HIV is a retrovirus that causes immunosuppression in humans, and leads to a disease complex known as acquired immunodeficiency syndrome (AIDS). HIV disease is characterized by progressive functional deterioration of the immune system. The treatment of HIV disease has been significantly advanced by the recognition that combining different drugs with specific activities against different biochemical functions of the virus can help reduce the rapid development of drug resistant viruses that were seen in response to single drug treatment. However, even with combined treatments, multi-drug resistant strains of the virus have emerged. There is therefore a continuing need for the development of new anti-retroviral drugs that act specifically at different steps of the viral infection and replication cycle.
The integrase (IN) enzyme is an example of such a specific target. This enzyme catalyzes the insertion by virally-encoded integrase of proviral DNA into the host cell genome, which is the mechanism by which HIV and other retroviruses are introduced into human T-lymphoid cells. For HIV-1, this process is mediated by a 32 kD virally encoded integrase, having conserved sequences in the HIV long terminal repeats (LTR). Integration is believed to be mediated by integrase in three steps. The first, assembly, produces a stable nucleoprotein complex with viral DNA sequences via reverse-transcription in the cytoplasm of infected cells.
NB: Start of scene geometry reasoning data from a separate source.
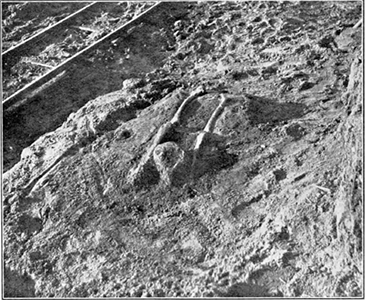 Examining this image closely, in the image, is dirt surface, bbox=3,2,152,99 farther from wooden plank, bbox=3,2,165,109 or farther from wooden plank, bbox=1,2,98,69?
wooden plank, bbox=3,2,165,109

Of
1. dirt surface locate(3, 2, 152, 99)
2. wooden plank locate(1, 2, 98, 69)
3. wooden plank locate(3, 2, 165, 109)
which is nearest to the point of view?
wooden plank locate(3, 2, 165, 109)

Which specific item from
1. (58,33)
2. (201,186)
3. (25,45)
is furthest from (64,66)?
(201,186)

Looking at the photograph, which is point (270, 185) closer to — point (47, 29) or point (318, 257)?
point (318, 257)

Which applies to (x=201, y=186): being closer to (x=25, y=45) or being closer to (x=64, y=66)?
(x=64, y=66)

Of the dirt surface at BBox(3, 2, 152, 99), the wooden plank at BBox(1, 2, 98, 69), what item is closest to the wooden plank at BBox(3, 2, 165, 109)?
the dirt surface at BBox(3, 2, 152, 99)

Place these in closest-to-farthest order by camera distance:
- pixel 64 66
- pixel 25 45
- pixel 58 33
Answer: pixel 64 66
pixel 25 45
pixel 58 33

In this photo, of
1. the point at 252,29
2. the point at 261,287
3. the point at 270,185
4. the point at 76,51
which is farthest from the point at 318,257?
the point at 76,51

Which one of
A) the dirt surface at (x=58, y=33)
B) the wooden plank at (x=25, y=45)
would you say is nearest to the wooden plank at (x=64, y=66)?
the dirt surface at (x=58, y=33) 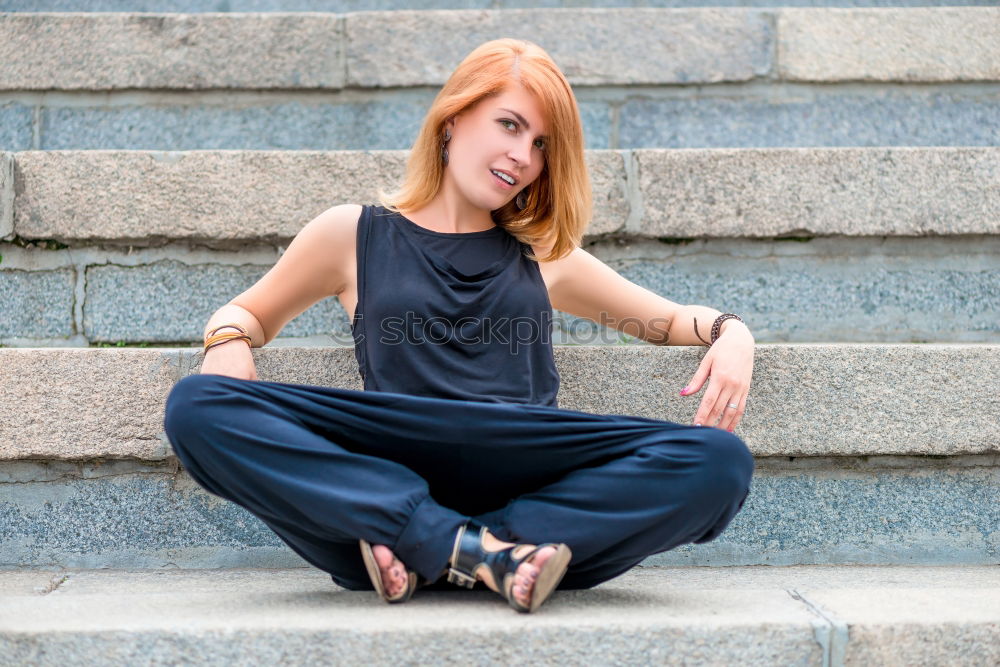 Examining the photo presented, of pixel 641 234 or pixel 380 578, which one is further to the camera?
pixel 641 234

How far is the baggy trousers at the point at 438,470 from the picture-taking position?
1756mm

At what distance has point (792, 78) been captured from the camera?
137 inches

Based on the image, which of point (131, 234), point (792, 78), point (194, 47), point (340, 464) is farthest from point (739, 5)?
point (340, 464)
Integrase then cleaves two nucleotides from each of the 3′ termini of the linear viral DNA ends which contain a highly conserved CA motif. The third step, strand transfer, involves covalently joining the recessed 3′ OH termini of the viral DNA at a staggered cut made at the host target site. The cleaved DNA migrates to the nucleus as a part of a large nucleoprotein complex, where the integrase catalyzes the insertion of viral DNA into a host chromosome by a direct transesterification reaction.
In vitro assays have previously been developed to identify integrase inhibitors (see, e.g., Mazumder et al. “Retroviral Integrase: A Novel Target in Antiviral Development; Basic In Vitro Assays with the Purified Enzyme,” in: Antiviral Methods and Protocols, Kinchington et al., Ed.; The Humana Press, Inc.: Totowa, N.J., 1999, pp. 327-335; Marchand et al., “In vitro human immunodeficiency virus type I integrase assays,” Methods Enzymol. 340: 624-633, 2001; and Chow, S. A., “In vitro assays for activities of retroviral integrase,” Methods 12:306-17, 1997), and have permitted the discovery of diverse classes of drugs that inhibit integrase (see, e.g., Pommier et al., “HIV-1 integrase as a target for antiviral drugs,” Antiviral Chem Chemother 8:483-503, 1997; Neamati et al., “Design and discovery of HIV-1 integrase inhibitors,” Drug Discovery Today 2:487-498, 1997). However, the drugs discovered by these assays have not been highly selective and potent inhibitors of the integrase enzyme. Many of these drugs have additionally been non-selective inhibitors of reverse transcriptase or HIV protease, which limits their usefulness in combination therapy directed to different specific steps of the retroviral life cycle. Moreover, a significant number of patients fail to respond to treatments with reverse transcriptase or HIV protease inhibitors, and viral resistance remains a major problem. Hence, there exists a need for integrase inhibitors that can be useful for acquired immune deficiency syndrome (AIDS) therapy.